Tate South Lambeth Library was originally proposed as the temporary town centre library for the north of the borough but following resident feedback from the consultation and because the building is more suitable for a healthy living centre, it’s now proposed that Durning Library will become the temporary town centre library funded by the council. However, the ambition would remain for a new library in the north of the borough by 2022 – replacing Durning library.  This change in proposal will be subject to a four week consultation from November.

It is also proposed that the home visiting service will continue to deliver books to the homes of those who can’t get out and about – supporting our most vulnerable residents.

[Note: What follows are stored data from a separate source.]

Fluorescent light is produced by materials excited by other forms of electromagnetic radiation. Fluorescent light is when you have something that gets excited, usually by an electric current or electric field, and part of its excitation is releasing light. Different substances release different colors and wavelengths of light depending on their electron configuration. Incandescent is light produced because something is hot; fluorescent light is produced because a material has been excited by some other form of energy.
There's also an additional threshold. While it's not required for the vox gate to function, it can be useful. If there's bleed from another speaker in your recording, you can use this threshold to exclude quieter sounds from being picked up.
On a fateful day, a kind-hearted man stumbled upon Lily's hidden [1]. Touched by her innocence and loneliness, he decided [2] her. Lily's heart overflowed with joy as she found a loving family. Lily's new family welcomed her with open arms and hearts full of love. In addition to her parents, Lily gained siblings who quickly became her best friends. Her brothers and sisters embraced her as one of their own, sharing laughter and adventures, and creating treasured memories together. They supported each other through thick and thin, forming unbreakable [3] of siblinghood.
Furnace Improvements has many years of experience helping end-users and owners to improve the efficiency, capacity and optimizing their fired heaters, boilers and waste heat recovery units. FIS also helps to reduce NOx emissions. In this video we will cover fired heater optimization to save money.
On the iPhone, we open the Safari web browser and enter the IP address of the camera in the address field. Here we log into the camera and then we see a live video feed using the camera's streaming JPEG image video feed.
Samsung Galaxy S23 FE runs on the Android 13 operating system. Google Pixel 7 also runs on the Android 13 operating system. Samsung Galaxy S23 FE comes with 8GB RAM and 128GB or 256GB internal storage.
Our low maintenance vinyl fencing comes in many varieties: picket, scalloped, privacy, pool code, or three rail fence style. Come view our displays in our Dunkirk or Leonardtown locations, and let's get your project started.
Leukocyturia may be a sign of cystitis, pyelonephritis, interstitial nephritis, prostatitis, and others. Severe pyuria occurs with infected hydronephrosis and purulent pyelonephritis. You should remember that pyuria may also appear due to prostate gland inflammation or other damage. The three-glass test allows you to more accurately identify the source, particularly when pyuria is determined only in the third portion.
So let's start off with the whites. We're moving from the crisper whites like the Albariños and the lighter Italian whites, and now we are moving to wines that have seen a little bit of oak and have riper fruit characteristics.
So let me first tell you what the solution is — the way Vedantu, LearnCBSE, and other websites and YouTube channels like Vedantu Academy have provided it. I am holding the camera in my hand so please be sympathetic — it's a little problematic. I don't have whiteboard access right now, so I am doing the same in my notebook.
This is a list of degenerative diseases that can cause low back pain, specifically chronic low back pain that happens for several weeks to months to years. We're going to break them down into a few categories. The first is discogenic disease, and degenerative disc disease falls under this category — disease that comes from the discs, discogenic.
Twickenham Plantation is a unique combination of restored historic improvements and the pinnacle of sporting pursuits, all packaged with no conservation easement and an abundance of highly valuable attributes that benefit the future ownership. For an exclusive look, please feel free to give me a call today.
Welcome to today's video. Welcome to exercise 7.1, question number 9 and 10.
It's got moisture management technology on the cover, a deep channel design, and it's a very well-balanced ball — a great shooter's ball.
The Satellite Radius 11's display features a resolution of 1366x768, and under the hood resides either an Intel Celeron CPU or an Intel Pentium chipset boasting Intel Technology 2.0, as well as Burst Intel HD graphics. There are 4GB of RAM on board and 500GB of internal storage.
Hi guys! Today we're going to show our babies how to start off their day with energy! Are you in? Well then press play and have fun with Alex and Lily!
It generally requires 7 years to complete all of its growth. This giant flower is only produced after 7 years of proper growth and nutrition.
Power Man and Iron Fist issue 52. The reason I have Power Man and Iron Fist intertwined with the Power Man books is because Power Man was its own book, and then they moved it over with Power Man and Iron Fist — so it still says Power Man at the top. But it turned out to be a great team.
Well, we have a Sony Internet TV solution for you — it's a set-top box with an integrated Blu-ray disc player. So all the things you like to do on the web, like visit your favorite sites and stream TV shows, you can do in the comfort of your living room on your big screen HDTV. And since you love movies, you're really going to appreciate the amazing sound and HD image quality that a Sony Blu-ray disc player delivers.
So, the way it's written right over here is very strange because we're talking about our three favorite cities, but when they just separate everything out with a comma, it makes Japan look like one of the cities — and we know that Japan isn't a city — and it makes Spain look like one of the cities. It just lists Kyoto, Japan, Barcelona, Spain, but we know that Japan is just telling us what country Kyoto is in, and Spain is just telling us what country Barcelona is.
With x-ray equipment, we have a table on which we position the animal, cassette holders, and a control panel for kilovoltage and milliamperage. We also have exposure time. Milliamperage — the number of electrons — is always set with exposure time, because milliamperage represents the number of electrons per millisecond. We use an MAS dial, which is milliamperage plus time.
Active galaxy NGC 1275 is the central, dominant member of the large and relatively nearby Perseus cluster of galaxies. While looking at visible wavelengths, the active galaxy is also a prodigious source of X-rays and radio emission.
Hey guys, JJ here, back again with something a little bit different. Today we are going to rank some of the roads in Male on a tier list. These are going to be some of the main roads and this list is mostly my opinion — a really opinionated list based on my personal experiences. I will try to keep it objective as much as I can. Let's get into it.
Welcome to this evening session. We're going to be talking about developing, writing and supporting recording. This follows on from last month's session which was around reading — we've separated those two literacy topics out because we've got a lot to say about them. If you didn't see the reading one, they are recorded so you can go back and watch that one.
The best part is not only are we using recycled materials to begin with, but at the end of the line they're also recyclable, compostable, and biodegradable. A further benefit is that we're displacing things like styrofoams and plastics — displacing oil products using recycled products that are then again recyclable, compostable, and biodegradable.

I now ask that the community, friends of library groups, unions, council staff and all other interested parties work with us to make this difficult transition to what I will believe will be an affordable, re-shaped service, that will keep our libraries open at a time when hundreds of others around the country have closed.

  • I know there are more questions people have about these plans and some very specific issues that people have asked me to address. To best achieve that we have a Q&A online that gets into the real nitty gritty of how why these decisions have been made, and what happens next. Please visit www.lambeth.gov.uk/culture2020 to find out more.

Cllr Jane Edbrooke

 

15 COMMENTS

  1. To Jane Edbrooke. You make no mention of Carnegie Library in your explanations. Carnegie is due to close at the end of March/early April to make room for a gym??

    Gyms are for toning the body, which has become a national obsession, often to a damaging degree.

    Libraries support a community in a more extensive and wholesome way.

    The cuts that you ‘grinningly’ explain away, deftly extract the ‘Centre’s of Humanity’ from these communities leaving us on the brink of a very disturbing future.

    How much money has Lambeth Council offered towards funding Thomas Heatherwick’s Garden Bridge?

    Are Libraries a joke to you?

  2. […] Supporters of Carnegie library have produced a strongly argued document that attacks the Carnegie Community Trust. They say its eight-person board contains at least five local Labour party activists who, they say, work “in close cooperation” with the council cabinet member in charge of libraries, Jane Edbrooke. […]

  3. Disgraceful! Labour will be losing plenty of votes if the council goes ahead with this ridiculous and badly conceived project. Pepercorn rent for GLL? Unbelievable and wrong! Councillors ignoring the people that they should be listening too? Absurd. Council meetings with bouncers at the door? Pathetic!

    Councillors, listen to the communities: we don’t want gyms at libraries! We want libraries to be libraries!

  4. If there is not enough budget for basic services like libraries, then raise more money by raising council tax (an option somehow neglected entirely in the consultation process). There are plenty I’d wealthy people in this borough who can easily afford to pay more for basic services (I am one of them). It’s supposed to be a Labour council, for pity’s sake.

  5. “let me assure I will be heavily involved”

    No part assurance. Dictatorial Jane is just repeating the same old nonsense. Gyms with books? Ridiculous. GLL handed our libraries, who wanted that in consultation? Complete joke. Just another Blairite careerist scheme, ill-conceived private sector pandering bollocks. The cabinet should resign, they’re vain and unaccountable, and the whole set up is textbook corrupt.